** Exercise brief **
Using the listing below, set down each line from the line containing "Volkswagen TIGUAN 2.0" through the line containing "Used Ford Transit", both ends included, exactly and with nothing added.

○ ○ ○ ○ ○ ○ ○

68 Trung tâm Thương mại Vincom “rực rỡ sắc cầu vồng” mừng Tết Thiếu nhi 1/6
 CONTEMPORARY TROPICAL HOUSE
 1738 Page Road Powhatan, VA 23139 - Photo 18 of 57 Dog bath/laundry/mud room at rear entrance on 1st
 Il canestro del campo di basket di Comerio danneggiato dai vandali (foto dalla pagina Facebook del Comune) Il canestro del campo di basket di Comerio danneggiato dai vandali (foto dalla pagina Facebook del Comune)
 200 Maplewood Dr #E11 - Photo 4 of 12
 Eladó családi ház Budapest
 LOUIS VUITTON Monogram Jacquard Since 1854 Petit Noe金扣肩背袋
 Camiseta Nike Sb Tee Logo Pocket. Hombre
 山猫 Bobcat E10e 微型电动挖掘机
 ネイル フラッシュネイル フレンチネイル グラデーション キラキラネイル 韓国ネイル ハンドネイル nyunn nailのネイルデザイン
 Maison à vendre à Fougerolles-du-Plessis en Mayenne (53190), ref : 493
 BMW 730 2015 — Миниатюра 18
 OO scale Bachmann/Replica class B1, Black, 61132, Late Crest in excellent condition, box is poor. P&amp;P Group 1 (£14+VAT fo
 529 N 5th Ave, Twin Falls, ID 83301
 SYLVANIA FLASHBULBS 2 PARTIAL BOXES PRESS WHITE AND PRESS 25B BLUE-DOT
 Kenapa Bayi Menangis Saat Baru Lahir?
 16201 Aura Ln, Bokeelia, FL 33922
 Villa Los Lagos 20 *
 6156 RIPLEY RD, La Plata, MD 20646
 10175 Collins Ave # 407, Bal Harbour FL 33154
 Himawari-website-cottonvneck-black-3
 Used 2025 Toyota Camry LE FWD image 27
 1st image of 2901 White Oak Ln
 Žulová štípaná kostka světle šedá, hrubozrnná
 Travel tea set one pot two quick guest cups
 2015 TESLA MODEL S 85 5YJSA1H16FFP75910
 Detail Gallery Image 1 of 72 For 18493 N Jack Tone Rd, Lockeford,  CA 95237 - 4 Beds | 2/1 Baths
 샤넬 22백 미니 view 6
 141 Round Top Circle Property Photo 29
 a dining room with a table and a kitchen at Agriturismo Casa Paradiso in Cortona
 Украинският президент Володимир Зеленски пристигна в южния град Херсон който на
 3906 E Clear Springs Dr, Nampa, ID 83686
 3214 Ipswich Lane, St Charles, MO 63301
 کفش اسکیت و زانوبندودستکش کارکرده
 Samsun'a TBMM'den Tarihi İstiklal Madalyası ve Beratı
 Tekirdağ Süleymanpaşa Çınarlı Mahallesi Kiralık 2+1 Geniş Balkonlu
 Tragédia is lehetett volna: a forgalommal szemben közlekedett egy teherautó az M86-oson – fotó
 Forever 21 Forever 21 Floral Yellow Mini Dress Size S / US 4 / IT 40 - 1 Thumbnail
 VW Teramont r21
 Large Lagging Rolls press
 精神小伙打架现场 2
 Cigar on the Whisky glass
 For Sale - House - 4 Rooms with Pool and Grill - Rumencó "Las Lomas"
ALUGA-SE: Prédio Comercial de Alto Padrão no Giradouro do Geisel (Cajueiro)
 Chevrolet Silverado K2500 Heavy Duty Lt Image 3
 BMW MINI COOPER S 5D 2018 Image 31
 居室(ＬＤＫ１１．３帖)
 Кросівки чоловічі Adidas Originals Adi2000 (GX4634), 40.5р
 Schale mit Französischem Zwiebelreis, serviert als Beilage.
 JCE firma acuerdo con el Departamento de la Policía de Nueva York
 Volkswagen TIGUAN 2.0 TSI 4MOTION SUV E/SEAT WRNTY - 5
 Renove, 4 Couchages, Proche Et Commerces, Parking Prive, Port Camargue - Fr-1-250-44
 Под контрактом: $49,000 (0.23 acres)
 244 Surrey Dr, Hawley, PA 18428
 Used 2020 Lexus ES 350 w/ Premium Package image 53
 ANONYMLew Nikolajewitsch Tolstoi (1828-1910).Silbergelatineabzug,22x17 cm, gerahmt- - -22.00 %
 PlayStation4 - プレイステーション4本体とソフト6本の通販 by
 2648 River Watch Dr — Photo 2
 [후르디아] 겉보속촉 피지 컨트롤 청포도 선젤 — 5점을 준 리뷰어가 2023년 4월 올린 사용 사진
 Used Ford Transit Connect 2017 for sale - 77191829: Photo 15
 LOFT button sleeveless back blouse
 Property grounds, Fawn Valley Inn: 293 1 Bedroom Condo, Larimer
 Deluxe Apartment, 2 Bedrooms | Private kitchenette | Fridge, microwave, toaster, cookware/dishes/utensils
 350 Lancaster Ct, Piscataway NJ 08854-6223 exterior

○ ○ ○ ○ ○ ○ ○

** Response **
 Volkswagen TIGUAN 2.0 TSI 4MOTION SUV E/SEAT WRNTY - 5
 Renove, 4 Couchages, Proche Et Commerces, Parking Prive, Port Camargue - Fr-1-250-44
 Под контрактом: $49,000 (0.23 acres)
 244 Surrey Dr, Hawley, PA 18428
 Used 2020 Lexus ES 350 w/ Premium Package image 53
 ANONYMLew Nikolajewitsch Tolstoi (1828-1910).Silbergelatineabzug,22x17 cm, gerahmt- - -22.00 %
 PlayStation4 - プレイステーション4本体とソフト6本の通販 by
 2648 River Watch Dr — Photo 2
 [후르디아] 겉보속촉 피지 컨트롤 청포도 선젤 — 5점을 준 리뷰어가 2023년 4월 올린 사용 사진
 Used Ford Transit Connect 2017 for sale - 77191829: Photo 15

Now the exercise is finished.